2026 is Alaska’s Year of San Diego and Portland… at the Expense of LA and San Francisco


You might not have seen it since Alaska delayed its press release after last week’s tech problems, but Alaska has put out its big domestic plans for summer of 2026 and beyond. There is a whole lot of growth in both Portland and San Diego, and that has to come from somewhere. Los Angeles and San Francisco (and San Jose) will be down. I spoke with Kirsten Amrine, Vice President of Revenue Management and Network Planning, to get a clearer view of what all this means strategically.

Filling in the Blanks on San Diego

San Diego just opened its brand new Terminal 1, and that means it all-of-a-sudden has more capacity available. Get ready for at least a couple of years of Alaska and Southwest trying to beat each other over the head as they look to gain supremacy there.

In this particular announcement, San Diego will get five new year-round routes starting April 22 (except where noted):

  • Dallas/Fort Worth
  • Oakland
  • Raleigh/Durham
  • Santa Barbara
  • Tulsa (starts March 18)

I saw Oakland and thought that sounded insane. After all, Southwest flies that market all the time with big airplanes. But as Kirsten explained it, this is really just about serving the 15 biggest markets from San Diego to make sure that Alaska can have broad appeal in the local market.

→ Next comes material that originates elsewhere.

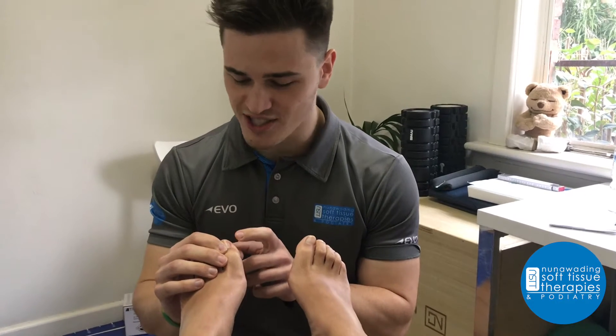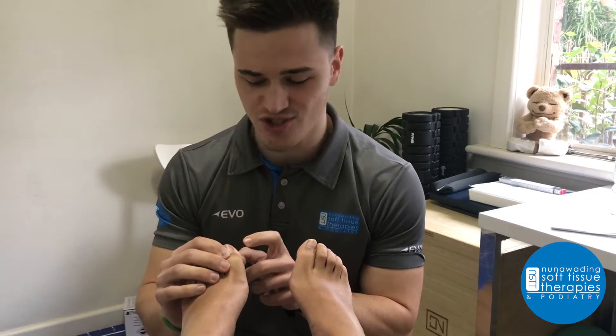If you don't want an ingrown, just cut right down into the corner. Trust me. High heels, they're great for your feet.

I went and pulled the data showing the top domestic markets from San Diego, and sure enough, this fits that pattern.

Top Markets from San Diego – 12 Months Ending June 2025

Data via Cirium

What doesn’t fit the pattern just beyond the top 15 where Alaska will abandon Atlanta from San Diego filed this week. Combined with the exit on Anchorage – Detroit, it looks like Alaska is trying to ease some of the fighting with Delta while building up everywhere else and challenging Southwest head-on.

All that being said, only two of the five new San Diego routes fall into the top 15 anyway. RDU is at 40, Tulsa is 78, and Santa Barbara barely even registers. I didn’t get into details on these with Kirsten too much, but I think RDU is just an appealing market demographically, Tulsa is probably about balancing the new addition from Seattle to make the operation route better, and SBA is a market that has been served before and probably looks good enough to try again.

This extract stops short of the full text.